6 Performance Monitoring and Optimisation

This activity investigates theoretical and practical aspects of end-to-end performance in high-speed long-distance networks. We particularly concentrate on performance monitoring, study of protocol behaviour and optimisation of their operation. The activity is associated with the research project LOBSTER and with the JRA1 activity of the GN2 project.

In the following sections we summarise the most important results achieved in 2005. In particular, we describe our performance monitoring architecture, parallel socket library that we have developed and our new method for hardware anonymisation of packet headers in passive monitoring. More information about our research can be found on our web page.

6.1 Performance Monitoring in CESNET2 Network

We want to obtain information about performance characteristics of our network between the major PoPs (Points of Presence). Therefore, we decided to install monitoring stations in all major network nodes. At present, we have 9 stations installed as shown in Figure 6.1. Each station has one network interface for general connectivity and active measurements and one or two additional interfaces for passive monitoring. Active measurements allow us to monitor throughput, delay and packet loss. The measurements are scheduled and their results processed on request via our own scripts. We participate in the JRA1 activity of the GN2 project, which is developing a universal framework for using multiple monitoring tools together in a network. This framework should be available in 2006.

Figure 6.1: Monitoring stations in the CESNET2 network (large image)

6.2 Time Synchronisation

Measurements of some performance characteristics such as one-way delay require precise time synchronisation between the monitoring stations. In principle, we can use network synchronisation via the NTP protocol.
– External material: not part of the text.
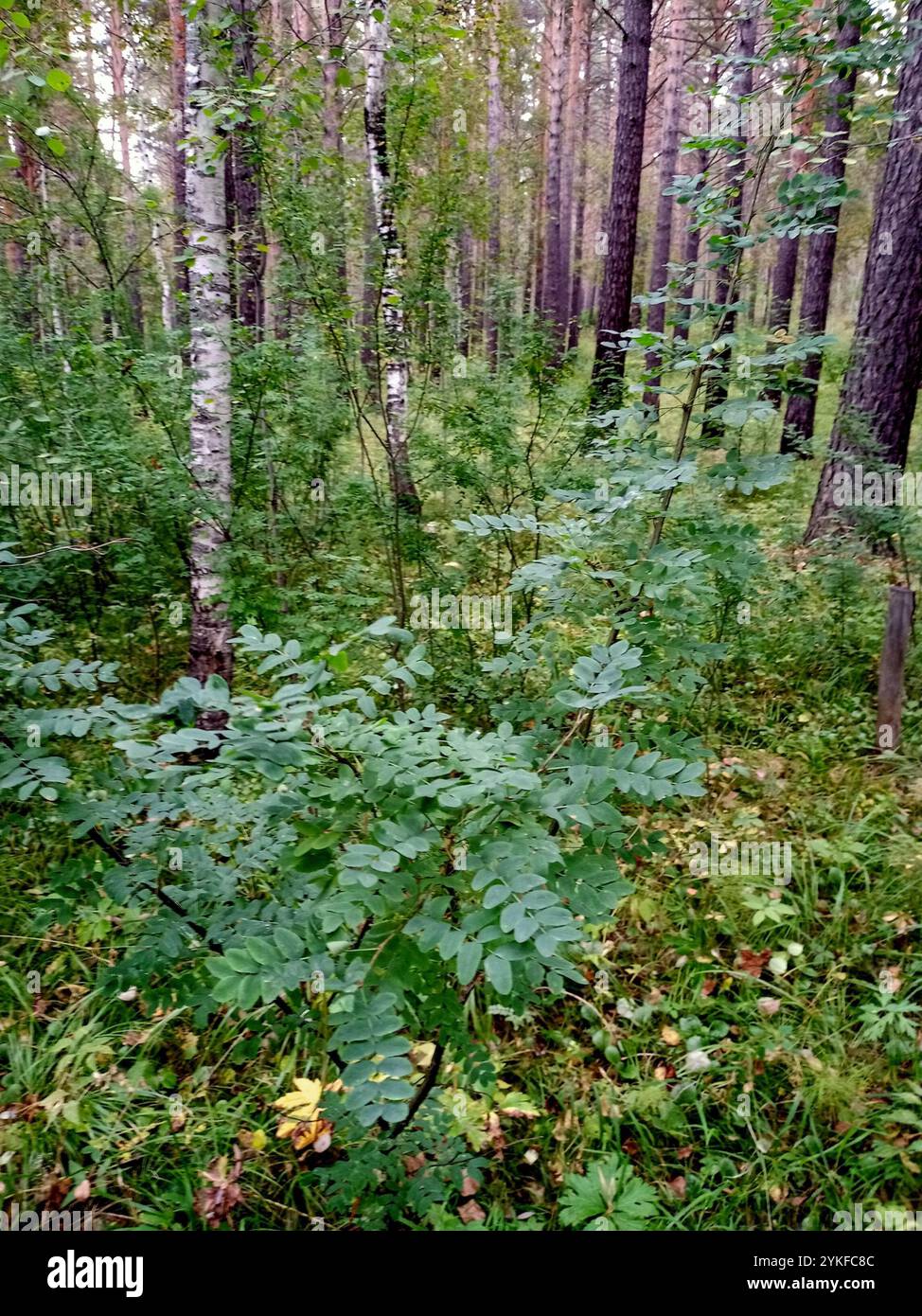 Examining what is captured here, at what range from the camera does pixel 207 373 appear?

However, in this way we cannot achieve the required precision and, moreover, it would be difficult to precisely measure one-way delay over links that were used by the NTP protocol for synchronisation. Therefore we decided to install an independent precise time source in each monitoring station. After considering properties and cost of several GPS and DCF receivers, we decided to use the following configuration:

GPS receiver Garmin GPS 18 (or GPS 35)
interface converters RS-232 <-> RS-422
receiver connected directly to serial port

Monitoring stations use Linux kernel 2.4.29 with the "nanokernel patch" (which is not yet available for 2.6 kernels). Time synchronisation is done by ntpd version 4.2.0.

This configuration is now being used in Brno, Plzeň, České Budějovice and Olomouc. Further installations in Ústí nad Labem and Hradec Králové are in preparation. The station in Prague uses the GPS receiver Trimble Acutime 2000, with the signal distributed by a splitter to several computers. The station in Ostrava uses the previously installed geodetic GPS receiver Topcon GB-1000. The installation in Liberec has not been completed yet due to logistic difficulties.

In order to increase the accuracy of time synchronisation, we installed the rubidium clock PRS-10 from Stanford Research Systems with frequency stability 5×10^-12. This clock will allow our NTP time servers to keep their system time within a microsecond precision for up to several days without the GPS signal.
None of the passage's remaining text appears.